Rick Santorum: an Iowa requiem for the candidate holding a tiny slice of support

Rick Santorum takes a bite of pizza prior to speaking to a small group of people in a meeting room at a Pizza Ranch in Sheldon, Iowa on 20 January.
Rick Santorum takes a bite of pizza prior to speaking to a small group of people in a meeting room at a Pizza Ranch in Sheldon, Iowa, on 20 January. Photograph: Jerry Mennenga/Zuma Press/Corbis

Four years ago at the Pizza Ranch outside Des Moines, when Rick Santorum was on the verge of an upset beyond historic proportions, he drew a massive crowd that packed the local Iowa chain restaurant. Groups of reporters were pinned against the salad bar. You could barely move. The former Pennsylvania senator had to give two different speeches, one with a bullhorn.
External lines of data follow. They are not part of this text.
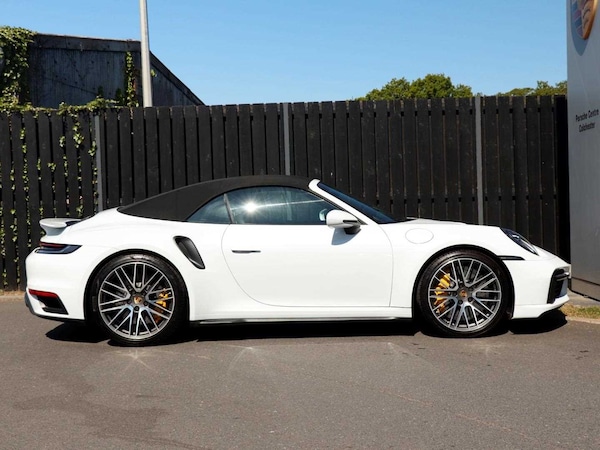 Used Porsche 911 2021 for sale - 75341913: Photo 35
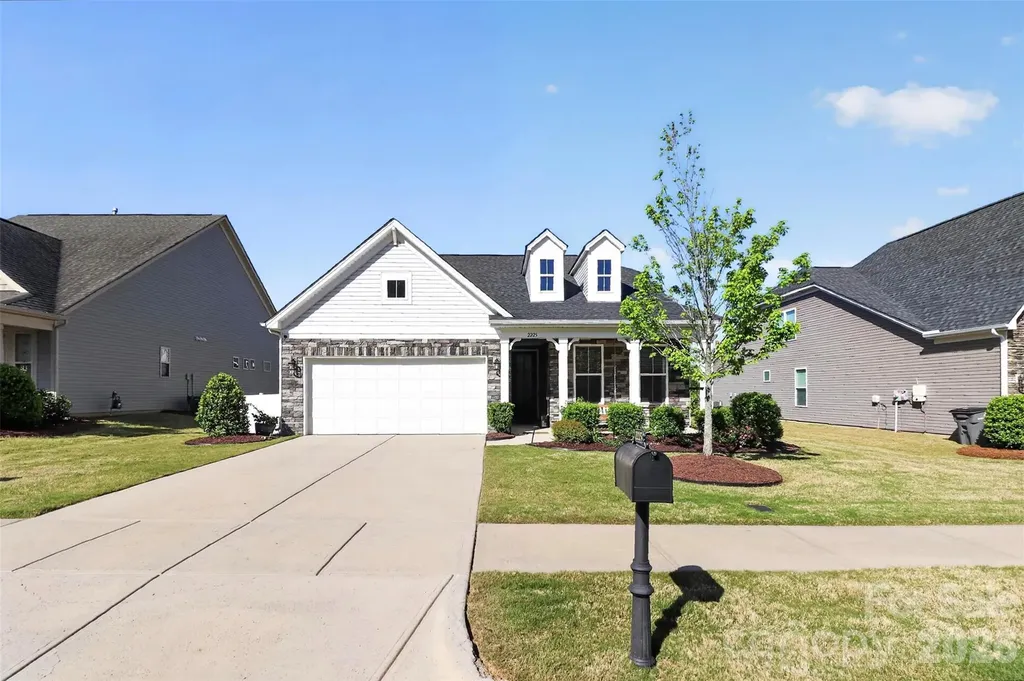 2225 Prairie Road Concord NC 28027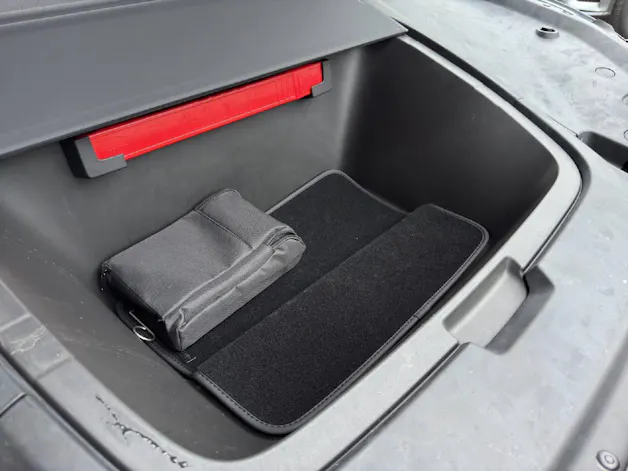 Polestar 3 Long Range Dual Motor Plus Performance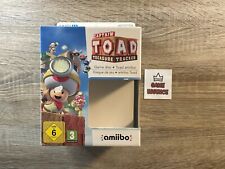BOITE VIDE Captain Toad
Four years later, on Sunday night back at the Pizza Ranch where this indefatigable social conservative had strode to victory over Mitt Romney and won the first-in-the-nation Iowa caucuses, the mood was totally different. This was no campaign rally; it was a wake.

Sure, Santorum filled the party room, but only a handful of reporters were present. The parking lot, at least, was filled with Santorum bumper stickers from all over. These were the loyal supporters: staff members, volunteers, even longtime mega-donor Foster Friess. These were the people who had been with Santorum since he was at 2% in the polls back in 2011 and stood by him throughout the political rollercoaster ride that followed.
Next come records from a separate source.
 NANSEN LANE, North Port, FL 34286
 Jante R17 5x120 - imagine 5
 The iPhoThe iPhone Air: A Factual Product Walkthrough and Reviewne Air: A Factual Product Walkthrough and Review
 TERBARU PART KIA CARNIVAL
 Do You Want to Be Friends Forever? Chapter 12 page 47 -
They are with him again now, back at 2%.

In both of his campaigns, Santorum has made the retail campaigning mega-tour of visiting each of Iowa’s 99 counties. In 2012, it gave him the grassroots support that he needed to win. In 2016, Santorum’s long haul means nothing as Ted Cruz has usurped his role as mantle-holder of the evangelical right and Donald Trump has swallowed up all the media attention.

Santorum arrived insisting he was going to do a real town hall. After all, he had performed 700 events like this one in the past five years and was going to end on a strong note. He maintained confidence that he could somehow pull off another, even more improbable upset, noting that 36% of his supporters made up their mind on caucus night in 2012 and that even more people could still be persuaded this year.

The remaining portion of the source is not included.